Dining Services Adds Sushi to Any20 Meal Plan

Sarah Manderbach '22, Opinion Editor

In an effort to improve student satisfaction with Dickinson’s meal plans, Dining Services announced the recent addition of sushi to the Any20 meal plan for all students on campus. Previously, students needed to pay separately for this item, regardless of their meal plan. 

On Monday, September 20, signs were posted throughout  Union Station informing students with the Any 20 meal plan they could now use one of their meal swipes to obtain sushi. However, the posters  also noted how sushi will not be a part of the Any20 Pick 4 value meal plan, where students can get a side, a drink, and a pastry with their meal. 

Errol Huffman, director of dining services at Dickinson College, says that both the Dining Services management team and the Associate Vice President of Campus Operations discussed a variety of solutions to improve the dining experiences of students before resulting in this decision as one of their plans. 

“The desire is to give students something they requested early in the semester after missing deadlines for meal plan changes,” Huffman says. “We hope to improve satisfaction and give students another outlet for the use of their Any20 meal plan.”

Prior to this decision, students on the Any20 meal plan would have to pay out of pocket to get sushi.
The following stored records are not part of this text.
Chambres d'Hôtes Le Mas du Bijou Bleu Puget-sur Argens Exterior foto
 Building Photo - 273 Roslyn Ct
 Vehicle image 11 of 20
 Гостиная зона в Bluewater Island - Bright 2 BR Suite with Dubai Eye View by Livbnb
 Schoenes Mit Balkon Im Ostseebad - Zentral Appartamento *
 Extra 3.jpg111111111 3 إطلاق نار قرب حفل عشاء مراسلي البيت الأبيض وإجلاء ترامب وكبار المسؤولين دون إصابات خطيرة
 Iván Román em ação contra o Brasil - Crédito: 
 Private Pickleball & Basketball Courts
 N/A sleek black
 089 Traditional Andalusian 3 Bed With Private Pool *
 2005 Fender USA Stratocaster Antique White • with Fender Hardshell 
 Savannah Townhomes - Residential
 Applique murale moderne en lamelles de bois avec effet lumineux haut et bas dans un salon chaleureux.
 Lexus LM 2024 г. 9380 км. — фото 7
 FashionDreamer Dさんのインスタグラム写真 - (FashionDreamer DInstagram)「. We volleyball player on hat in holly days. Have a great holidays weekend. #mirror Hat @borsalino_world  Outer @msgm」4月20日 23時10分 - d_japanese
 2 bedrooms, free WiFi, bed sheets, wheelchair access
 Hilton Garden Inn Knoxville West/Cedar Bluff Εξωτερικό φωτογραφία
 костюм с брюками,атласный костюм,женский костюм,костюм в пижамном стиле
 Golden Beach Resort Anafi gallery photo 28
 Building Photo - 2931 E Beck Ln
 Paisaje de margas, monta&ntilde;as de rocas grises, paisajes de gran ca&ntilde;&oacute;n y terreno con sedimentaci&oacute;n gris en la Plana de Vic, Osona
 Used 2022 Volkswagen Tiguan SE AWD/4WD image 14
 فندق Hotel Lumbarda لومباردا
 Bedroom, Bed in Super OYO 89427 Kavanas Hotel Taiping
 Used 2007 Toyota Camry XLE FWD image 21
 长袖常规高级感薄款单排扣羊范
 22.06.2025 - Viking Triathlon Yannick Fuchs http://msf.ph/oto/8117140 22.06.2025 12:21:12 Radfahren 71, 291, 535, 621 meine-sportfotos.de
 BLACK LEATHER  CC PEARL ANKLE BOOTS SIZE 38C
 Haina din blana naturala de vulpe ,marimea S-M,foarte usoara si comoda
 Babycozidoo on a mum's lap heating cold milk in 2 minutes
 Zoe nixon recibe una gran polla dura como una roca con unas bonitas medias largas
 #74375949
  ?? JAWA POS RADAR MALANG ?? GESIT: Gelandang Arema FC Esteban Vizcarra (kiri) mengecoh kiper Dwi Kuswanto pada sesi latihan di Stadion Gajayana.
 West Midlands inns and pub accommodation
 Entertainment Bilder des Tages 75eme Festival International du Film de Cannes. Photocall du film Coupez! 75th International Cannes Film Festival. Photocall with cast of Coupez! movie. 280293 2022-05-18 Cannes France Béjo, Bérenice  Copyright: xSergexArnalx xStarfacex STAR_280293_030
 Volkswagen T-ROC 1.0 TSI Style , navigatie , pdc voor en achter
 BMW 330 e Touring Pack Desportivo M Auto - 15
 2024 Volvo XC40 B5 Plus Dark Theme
Students on flex or apartment plans were the only students who could use their meal plan to purchase sushi. 

Huffman says that this is a part of a new project from Dining Services. “We will study the impact as a part of this pilot program.” This program will be run through the end of the semester, then Dining Services will determine if it will “carry forward into the spring semester.”

When asked about financial impacts regarding the sushi on Any20, Huffman says that the product cost is much higher than our regular services as “[sushi] is a retail item from a third-party provider.”

Some students are upset by the switch of sushi to Any20. Katie McQuaid ’22 says “I think Dickinson is trying to deflect from the issues dining services has by offering little things like that. As in, it’s a smokescreen and a strategy to try and get people away from the caf, besides the fact that it just brings more people to the equally busy SNAR (Union Station).”